I wince and try to pull away, but he doesn’t let go.

  “Why are you so mean to us?”

  He yells right in my face. Like I’m a toddler. Like I’m five years old.

  “Why won’t you just leave me the fuck alone?” I yell back.

  “Is that what you want? You just want all of us to ignore you, like you’re some brilliant composer here in his private wing and we’re just your servants, bringing you food and making sure you’ve slept and tending to you like you’re the goddamn king of the world?”

  “That’s not fair. I’m …”

  “You’re what?”

  “I’m …”

  The groaning of the room is so loud I can’t hear myself finish the sentence. The ceiling shifts and it’s a high E. An ambulance siren blares through the open window, a whining tritone. Milo’s feet shuffling on the carpet become syncopated eighth notes. The sounds are all whirling together, picking up more and more speed in my mind until I begin to see the notes in my vision, too. Jumbled sixteenth notes fly in through the window and hover over the bed for a minute before raining down onto my comforter.

  “Ben? Are you okay?
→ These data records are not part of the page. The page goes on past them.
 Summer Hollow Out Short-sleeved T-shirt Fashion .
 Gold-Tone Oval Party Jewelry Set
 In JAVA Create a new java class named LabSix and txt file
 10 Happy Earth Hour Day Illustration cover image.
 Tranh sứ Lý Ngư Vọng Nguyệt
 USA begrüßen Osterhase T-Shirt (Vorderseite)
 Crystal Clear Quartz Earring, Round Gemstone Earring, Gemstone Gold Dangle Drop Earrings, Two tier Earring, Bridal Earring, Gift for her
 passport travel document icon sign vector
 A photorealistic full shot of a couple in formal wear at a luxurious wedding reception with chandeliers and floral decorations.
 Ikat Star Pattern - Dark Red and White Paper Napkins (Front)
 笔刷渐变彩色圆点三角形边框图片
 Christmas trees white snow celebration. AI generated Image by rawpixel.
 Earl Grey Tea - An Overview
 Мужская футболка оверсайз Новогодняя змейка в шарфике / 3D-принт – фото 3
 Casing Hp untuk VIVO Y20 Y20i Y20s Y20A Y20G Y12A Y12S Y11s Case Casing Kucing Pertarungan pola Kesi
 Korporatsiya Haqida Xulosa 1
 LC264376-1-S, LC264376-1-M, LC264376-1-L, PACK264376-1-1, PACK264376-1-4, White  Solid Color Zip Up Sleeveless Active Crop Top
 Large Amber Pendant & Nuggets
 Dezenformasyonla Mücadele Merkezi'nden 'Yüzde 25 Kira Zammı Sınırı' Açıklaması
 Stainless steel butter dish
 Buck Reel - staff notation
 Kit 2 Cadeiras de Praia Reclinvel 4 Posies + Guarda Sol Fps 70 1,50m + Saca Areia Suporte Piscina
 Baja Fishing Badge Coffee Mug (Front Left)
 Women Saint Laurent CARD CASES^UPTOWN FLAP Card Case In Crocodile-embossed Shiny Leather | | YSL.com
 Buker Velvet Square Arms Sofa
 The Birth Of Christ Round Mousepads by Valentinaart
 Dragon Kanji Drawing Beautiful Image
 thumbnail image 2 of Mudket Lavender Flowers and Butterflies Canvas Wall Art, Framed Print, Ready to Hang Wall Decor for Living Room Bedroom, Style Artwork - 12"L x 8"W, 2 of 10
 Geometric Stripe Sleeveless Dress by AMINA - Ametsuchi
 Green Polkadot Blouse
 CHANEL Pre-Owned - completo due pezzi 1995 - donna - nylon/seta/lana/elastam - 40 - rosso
Do you want me to get Mom?”

  I put my hands on his shoulders. Wet, gripping. “Please, please leave me alone.”

  “Okay,” he says softly. He pulls away and shuts the door with a D-flat thud.

  My room is quiet and still again. The notes disappear.

  I’m better when I’m alone. Milo and my mom think they know what’s good for me, but they’re only making things worse. They’re just two more obstacles holding me back from who I could really be. I can’t let them stand in my way anymore.

  Back to the strings. None of these sound right. Not the gold-plated Olives, not the Gold Label E, not the synthetic Obligatos, not anything. Could it be the violin itself? Maybe the air went off in the apartment one day when no one was home and it got too warm and something warped. Maybe I’m not noticing a crack in the body. Maybe the sound post moved. Or maybe it’s the bow. I’ve been playing with a Hill bow for the last five years, just like Isaac Nadelstein. I peel off my sweat-drenched T-shirt and put on a clean one, first inside out and backward, then the right way. Maybe I should try playing a Gagliano or a Guadagnini or a Guarneri, or maybe I should just go down to Brighton’s rare-instruments room and play them all, every single one of them until I find the one that has the most perfect tone. Or just fucking buy a Stradivarius and stay in debt for the rest of my life.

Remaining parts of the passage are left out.